**About this task:**
Reproduce only the stretch of entries below that begins at the first line and ends at the line holding "Kuroshitsuji Chapter 131 - Trang 2".
---- Source information
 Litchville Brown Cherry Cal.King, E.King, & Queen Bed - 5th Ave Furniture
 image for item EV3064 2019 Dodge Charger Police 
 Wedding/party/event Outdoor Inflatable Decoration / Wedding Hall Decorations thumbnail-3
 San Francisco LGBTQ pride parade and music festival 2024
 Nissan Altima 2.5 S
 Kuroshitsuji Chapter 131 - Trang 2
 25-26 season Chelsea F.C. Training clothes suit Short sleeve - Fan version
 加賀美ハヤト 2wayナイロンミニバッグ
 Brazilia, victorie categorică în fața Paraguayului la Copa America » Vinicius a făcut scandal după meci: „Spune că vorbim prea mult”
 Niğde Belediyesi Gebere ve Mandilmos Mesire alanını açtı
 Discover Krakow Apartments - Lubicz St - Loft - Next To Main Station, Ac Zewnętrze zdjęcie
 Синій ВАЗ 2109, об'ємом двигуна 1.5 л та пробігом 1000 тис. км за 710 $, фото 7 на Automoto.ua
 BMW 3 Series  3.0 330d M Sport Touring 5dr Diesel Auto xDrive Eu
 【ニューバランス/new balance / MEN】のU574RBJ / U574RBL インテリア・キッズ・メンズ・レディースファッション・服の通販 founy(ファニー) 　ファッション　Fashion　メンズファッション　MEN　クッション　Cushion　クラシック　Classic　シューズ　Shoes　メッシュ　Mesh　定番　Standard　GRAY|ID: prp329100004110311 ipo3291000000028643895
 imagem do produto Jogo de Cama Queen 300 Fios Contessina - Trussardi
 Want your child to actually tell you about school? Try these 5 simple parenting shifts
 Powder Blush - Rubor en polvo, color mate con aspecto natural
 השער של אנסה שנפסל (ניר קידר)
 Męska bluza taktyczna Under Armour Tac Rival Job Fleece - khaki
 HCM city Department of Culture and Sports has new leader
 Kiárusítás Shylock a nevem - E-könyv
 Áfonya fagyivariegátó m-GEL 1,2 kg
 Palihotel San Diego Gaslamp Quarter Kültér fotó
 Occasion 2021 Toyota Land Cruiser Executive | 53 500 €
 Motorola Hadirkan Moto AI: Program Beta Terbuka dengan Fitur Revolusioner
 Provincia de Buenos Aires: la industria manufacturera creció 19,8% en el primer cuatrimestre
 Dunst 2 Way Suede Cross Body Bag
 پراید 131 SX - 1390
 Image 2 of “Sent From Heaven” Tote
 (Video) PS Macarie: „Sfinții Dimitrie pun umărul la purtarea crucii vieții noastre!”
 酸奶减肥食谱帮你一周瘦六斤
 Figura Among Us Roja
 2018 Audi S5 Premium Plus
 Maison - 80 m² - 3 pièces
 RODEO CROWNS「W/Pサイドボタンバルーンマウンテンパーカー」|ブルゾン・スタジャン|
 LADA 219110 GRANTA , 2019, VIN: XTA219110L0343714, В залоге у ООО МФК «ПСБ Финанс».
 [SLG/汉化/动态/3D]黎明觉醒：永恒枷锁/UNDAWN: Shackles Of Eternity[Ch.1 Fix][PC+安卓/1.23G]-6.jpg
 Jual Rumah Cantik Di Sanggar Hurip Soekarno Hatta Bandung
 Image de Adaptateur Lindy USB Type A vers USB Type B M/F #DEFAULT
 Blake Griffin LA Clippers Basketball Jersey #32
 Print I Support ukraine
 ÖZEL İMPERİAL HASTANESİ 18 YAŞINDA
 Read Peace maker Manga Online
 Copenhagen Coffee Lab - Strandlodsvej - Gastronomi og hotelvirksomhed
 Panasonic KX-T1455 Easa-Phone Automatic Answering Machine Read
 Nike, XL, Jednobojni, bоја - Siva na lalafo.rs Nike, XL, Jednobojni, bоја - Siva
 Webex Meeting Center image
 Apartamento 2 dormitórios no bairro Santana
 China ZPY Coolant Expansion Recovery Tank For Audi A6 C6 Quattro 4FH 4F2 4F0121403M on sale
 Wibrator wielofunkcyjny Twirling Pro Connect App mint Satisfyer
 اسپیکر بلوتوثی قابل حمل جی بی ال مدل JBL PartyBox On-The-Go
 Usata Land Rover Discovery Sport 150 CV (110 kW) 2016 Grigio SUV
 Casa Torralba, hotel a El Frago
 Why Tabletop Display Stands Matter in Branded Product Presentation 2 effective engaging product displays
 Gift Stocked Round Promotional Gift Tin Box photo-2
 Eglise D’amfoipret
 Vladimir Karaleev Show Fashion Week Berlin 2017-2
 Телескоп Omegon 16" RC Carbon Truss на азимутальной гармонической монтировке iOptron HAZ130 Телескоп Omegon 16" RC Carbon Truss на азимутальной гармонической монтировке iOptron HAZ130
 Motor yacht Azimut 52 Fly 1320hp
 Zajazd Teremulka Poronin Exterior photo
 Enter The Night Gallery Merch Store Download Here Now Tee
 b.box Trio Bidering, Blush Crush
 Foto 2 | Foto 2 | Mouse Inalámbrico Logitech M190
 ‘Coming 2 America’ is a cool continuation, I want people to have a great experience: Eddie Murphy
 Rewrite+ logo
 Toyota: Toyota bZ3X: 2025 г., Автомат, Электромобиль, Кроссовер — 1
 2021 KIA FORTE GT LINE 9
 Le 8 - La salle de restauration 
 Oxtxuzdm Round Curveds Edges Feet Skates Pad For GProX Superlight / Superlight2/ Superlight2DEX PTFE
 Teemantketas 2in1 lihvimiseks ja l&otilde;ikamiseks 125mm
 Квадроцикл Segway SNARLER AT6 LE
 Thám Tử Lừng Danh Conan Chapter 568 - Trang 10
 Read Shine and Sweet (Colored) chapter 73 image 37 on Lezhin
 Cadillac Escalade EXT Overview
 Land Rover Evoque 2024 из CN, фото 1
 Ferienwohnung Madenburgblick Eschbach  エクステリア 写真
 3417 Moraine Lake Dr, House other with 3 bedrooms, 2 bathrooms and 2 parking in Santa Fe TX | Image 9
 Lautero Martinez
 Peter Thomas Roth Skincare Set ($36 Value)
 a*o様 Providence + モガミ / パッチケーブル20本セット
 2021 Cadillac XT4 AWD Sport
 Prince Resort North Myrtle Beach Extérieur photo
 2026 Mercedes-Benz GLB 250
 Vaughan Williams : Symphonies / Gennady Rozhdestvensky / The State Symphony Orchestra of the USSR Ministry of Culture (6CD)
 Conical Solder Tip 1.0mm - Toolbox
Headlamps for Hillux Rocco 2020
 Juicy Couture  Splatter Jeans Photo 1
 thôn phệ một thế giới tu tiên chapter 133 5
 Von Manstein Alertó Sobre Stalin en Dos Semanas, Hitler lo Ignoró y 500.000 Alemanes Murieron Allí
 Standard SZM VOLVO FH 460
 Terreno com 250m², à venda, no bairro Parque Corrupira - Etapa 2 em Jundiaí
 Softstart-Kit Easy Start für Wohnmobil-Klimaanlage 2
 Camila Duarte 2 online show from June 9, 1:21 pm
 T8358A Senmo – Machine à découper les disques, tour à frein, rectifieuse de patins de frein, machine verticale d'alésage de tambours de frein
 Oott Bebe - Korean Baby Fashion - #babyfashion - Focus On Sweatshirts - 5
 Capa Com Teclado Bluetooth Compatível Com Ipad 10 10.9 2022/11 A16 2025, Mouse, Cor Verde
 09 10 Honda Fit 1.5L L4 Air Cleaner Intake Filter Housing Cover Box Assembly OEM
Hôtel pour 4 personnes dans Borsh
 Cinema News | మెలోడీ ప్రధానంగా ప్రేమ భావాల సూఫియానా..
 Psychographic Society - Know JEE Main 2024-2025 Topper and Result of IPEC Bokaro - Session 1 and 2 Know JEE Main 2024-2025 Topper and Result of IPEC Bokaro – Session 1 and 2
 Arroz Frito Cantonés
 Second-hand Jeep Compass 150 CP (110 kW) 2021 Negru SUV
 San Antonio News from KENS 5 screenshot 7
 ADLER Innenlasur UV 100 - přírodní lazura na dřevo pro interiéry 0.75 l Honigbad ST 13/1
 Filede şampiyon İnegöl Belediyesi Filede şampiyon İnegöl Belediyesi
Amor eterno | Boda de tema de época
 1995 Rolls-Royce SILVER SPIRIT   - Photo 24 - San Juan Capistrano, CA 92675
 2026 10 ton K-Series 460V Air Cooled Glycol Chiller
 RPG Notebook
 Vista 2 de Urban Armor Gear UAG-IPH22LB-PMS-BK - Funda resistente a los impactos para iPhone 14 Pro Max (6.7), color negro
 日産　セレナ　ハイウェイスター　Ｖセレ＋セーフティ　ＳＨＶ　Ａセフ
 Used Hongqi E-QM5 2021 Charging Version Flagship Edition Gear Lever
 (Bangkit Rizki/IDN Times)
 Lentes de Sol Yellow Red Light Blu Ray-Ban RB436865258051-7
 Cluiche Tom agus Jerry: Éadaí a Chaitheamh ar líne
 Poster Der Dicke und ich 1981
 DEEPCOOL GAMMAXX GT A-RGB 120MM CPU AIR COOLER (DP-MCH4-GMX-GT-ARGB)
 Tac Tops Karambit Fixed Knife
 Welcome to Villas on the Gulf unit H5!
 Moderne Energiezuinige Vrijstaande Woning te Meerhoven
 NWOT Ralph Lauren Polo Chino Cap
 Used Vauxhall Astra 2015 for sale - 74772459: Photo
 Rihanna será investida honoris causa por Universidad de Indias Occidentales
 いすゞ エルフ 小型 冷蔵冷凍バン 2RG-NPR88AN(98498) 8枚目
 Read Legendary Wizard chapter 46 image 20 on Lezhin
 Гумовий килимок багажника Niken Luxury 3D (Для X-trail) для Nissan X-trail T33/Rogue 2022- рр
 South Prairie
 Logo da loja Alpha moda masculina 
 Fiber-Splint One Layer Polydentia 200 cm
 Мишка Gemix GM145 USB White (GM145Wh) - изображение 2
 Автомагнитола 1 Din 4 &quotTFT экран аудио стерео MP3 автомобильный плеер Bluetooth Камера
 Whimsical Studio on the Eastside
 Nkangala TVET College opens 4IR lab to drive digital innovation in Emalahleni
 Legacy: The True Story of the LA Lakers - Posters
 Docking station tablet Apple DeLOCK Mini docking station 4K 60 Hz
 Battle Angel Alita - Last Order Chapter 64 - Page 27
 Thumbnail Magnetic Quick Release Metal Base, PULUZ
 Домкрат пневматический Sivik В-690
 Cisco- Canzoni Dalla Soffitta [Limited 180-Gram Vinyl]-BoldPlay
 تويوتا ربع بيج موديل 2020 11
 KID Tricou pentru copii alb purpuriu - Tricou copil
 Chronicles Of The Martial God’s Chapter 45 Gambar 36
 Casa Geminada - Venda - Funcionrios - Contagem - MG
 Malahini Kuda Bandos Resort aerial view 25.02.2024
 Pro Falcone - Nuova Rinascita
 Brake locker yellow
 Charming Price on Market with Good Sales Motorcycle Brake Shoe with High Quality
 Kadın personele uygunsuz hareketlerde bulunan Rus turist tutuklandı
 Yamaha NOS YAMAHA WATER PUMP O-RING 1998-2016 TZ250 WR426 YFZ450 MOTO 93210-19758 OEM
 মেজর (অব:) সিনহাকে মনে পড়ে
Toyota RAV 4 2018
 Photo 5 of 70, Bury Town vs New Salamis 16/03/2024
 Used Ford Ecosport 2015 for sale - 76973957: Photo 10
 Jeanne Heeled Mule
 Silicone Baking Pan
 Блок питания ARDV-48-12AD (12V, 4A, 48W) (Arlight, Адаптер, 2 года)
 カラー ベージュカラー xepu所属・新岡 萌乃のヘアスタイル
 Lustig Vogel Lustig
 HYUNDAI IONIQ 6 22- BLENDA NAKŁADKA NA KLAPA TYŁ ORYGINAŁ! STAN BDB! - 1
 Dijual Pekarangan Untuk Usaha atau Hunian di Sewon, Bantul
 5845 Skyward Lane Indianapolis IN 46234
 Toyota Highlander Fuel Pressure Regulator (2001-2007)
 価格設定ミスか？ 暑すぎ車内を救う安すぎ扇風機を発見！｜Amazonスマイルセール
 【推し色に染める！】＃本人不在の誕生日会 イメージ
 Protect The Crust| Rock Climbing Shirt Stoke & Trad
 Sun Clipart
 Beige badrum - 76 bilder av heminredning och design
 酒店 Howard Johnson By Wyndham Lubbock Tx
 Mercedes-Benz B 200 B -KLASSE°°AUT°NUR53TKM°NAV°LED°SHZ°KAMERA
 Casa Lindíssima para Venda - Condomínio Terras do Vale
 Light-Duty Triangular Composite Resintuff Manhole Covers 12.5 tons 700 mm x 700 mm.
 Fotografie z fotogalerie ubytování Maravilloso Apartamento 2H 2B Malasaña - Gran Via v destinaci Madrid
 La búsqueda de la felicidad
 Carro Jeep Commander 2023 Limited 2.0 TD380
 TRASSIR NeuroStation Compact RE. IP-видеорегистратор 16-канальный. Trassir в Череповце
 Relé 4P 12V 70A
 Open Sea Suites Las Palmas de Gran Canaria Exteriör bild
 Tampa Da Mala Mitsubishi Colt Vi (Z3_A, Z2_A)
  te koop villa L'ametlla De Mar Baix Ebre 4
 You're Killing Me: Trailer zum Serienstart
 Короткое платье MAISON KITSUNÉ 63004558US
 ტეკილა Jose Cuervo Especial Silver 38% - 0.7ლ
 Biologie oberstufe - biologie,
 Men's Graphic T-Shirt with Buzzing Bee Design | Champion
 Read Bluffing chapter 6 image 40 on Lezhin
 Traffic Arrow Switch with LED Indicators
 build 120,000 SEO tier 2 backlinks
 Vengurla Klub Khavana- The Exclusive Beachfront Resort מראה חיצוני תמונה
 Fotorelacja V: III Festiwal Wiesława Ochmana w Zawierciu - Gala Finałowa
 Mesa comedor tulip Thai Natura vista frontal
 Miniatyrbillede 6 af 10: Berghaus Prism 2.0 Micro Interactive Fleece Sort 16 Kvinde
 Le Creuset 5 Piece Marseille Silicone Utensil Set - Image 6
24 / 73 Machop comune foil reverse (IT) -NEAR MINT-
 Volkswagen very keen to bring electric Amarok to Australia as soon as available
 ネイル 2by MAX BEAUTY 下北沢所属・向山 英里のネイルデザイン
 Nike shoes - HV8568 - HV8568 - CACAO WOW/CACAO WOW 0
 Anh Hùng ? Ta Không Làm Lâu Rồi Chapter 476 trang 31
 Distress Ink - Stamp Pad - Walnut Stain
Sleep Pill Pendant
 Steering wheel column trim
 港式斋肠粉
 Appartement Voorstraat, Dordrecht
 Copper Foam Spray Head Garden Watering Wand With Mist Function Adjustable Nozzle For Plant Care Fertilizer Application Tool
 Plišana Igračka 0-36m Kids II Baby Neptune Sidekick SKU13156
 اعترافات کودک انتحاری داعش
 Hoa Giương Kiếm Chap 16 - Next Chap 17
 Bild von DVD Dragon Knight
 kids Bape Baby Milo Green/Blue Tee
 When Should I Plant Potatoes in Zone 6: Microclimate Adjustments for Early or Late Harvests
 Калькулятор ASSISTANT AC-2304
--------
**Exercise output:**
 Litchville Brown Cherry Cal.King, E.King, & Queen Bed - 5th Ave Furniture
 image for item EV3064 2019 Dodge Charger Police 
 Wedding/party/event Outdoor Inflatable Decoration / Wedding Hall Decorations thumbnail-3
 San Francisco LGBTQ pride parade and music festival 2024
 Nissan Altima 2.5 S
 Kuroshitsuji Chapter 131 - Trang 2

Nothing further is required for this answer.